= Instructions for the task =
Below are some entries. Transcribe the lines from the one holding "Glock-18 | Block-18 (Battle-Scarred)" to the one holding "Apple Watch 9 45mm + (Гарантия)", inclusive, but not the pictures among them.

##### Raw data #####

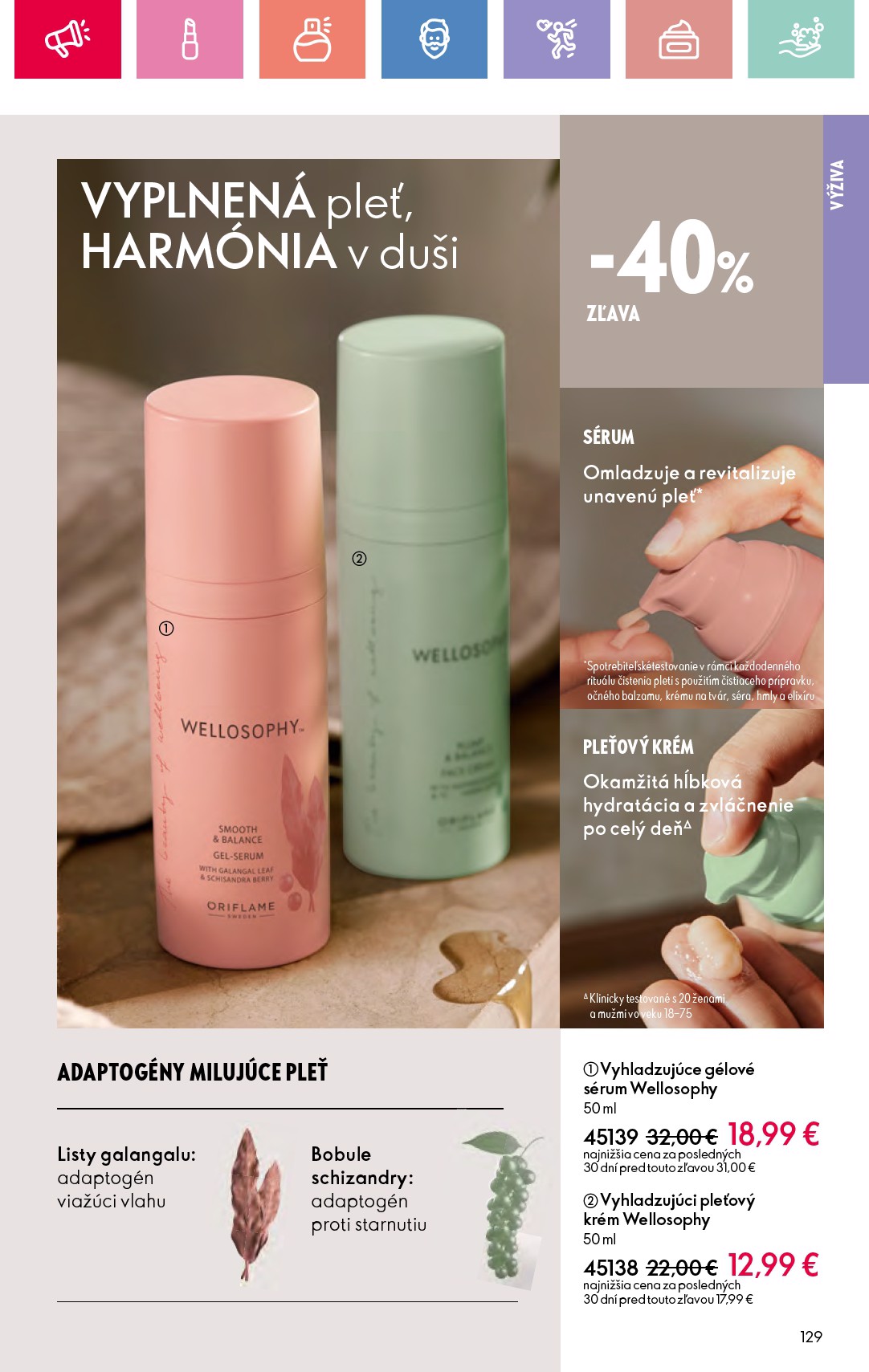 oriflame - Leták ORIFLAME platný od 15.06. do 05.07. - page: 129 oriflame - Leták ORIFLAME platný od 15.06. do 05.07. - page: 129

#####
##### Raw data #####

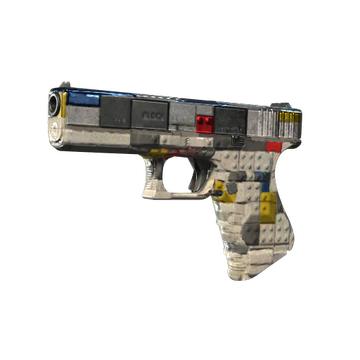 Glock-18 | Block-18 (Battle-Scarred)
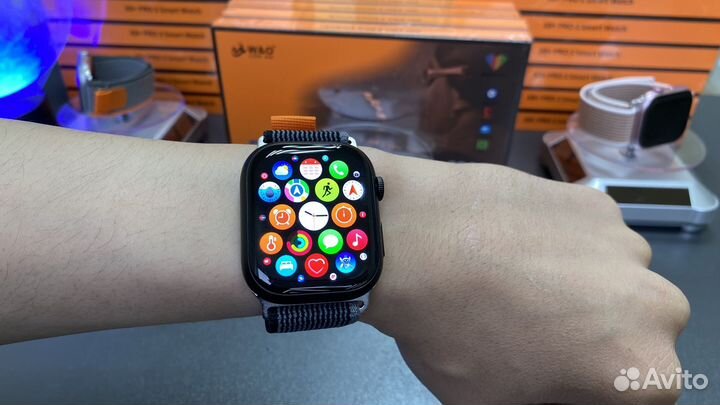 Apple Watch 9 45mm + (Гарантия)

#####

= Result =
 Glock-18 | Block-18 (Battle-Scarred)
 Apple Watch 9 45mm + (Гарантия)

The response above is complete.